拝啓_点数を聞かなかった君へ
拝啓、点数を聞かなかった君へ
蒔田志門へ。
同窓会の案内に、あなたが海外勤務で欠席すると書いてあったので、この手紙を預けます。
高校二年の冬、私は定期試験で学年最下位になりました。
父の店が倒産し、夜は倉庫で荷札を貼る手伝いをしていました。授業中に眠り、宿題を出さず、先生からは「やる気がない」と言われました。
あなたは、点数を聞きませんでした。
放課後、駅の待合室で参考書を開き、こう言いました。
「今日は、どの問題を一緒に倒す?」
私は「全部」と答えました。
あなたは笑わず、一問だけ選びました。
教え方は上手ではありませんでした。説明が長く、自分でも途中で分からなくなり、二人で答えを間違えたこともあります。
でもあなたは、私が眠そうな日は十五分で切り上げました。
夕食を食べていない日は、勉強より先に肉まんを半分くれました。
試験が返ってきても、何点だったか尋ねず、「前より読めた問題はあった?」と聞きました。
一度、私は「かわいそうだから教えるの」と尋ねました。
あなたは本気で首をかしげました。
「友達が困ってるから。一問くらいなら、隣に座れる」
その答えが、どんな公式より長く残りました。
三学期、私は四十二点を取りました。
赤点ぎりぎりでしたが、答案を見て泣きました。あなたは「四十二点で泣く人、初めて見た」と言い、自分も泣いていました。
あのとき救われたのは、進級できたことだけではありません。
点数の低い私を、価値の低い人間として扱わない友達がいたことです。
今、私は夜間中学で数学を教えています。
仕事をしながら学ぶ人、長く学校へ通えなかった人、日本語を覚えながら計算する人。
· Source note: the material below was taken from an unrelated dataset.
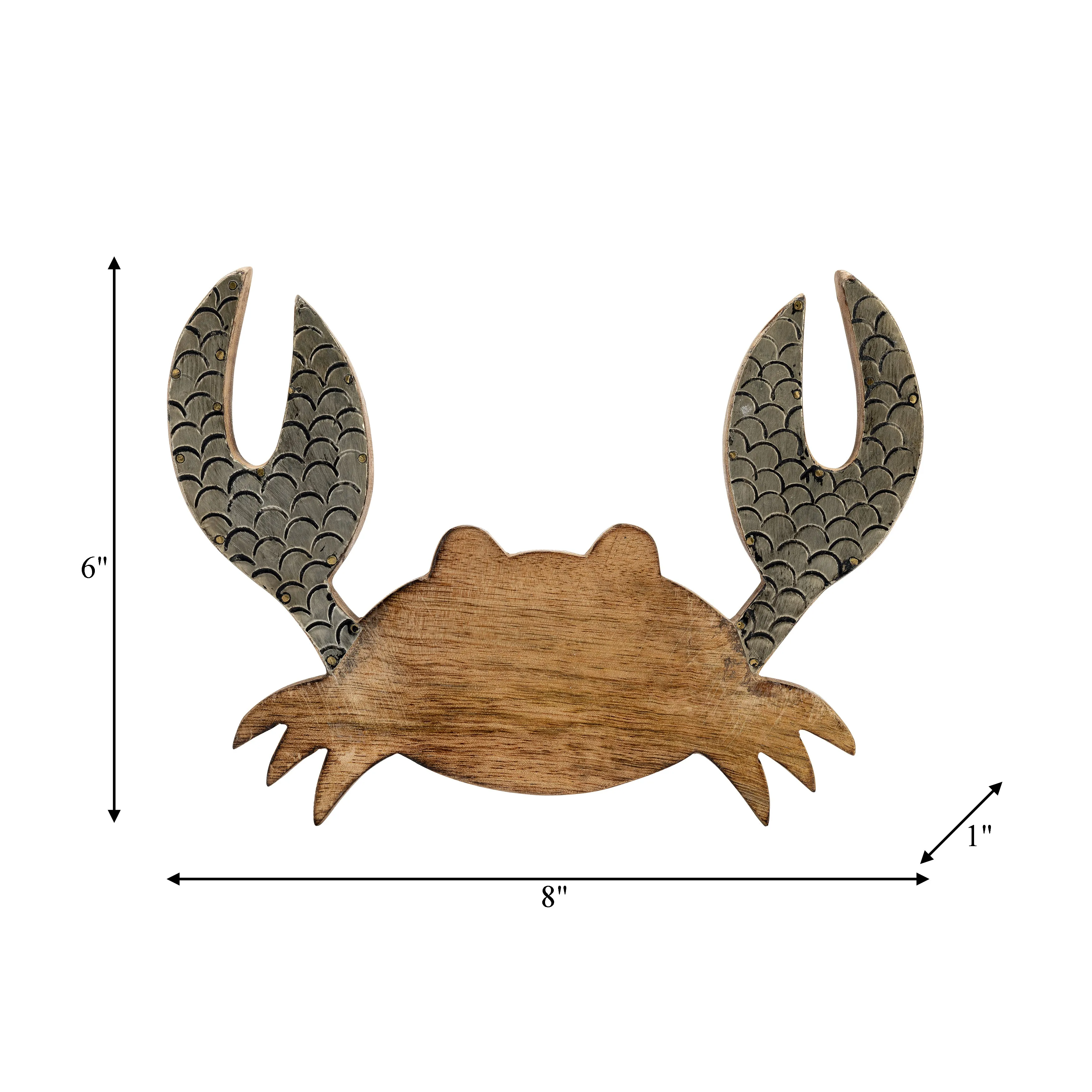 WOOD, 8" CRAB DECO, BROWN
教室には、点数だけでは測れない事情が座っています。
昨日、一人の生徒が白紙の小テストを机へ伏せました。
私は点数を聞きませんでした。
「今日は、どの問題を一緒に倒しますか」
そう尋ねると、その人は顔を上げました。
あなたが忘れている小さな親切は、二十年以上たっても授業の中で使われています。
教えてもらった公式の多くは忘れました。
でも、分からない人の隣へ座る方法だけは、今も覚えています。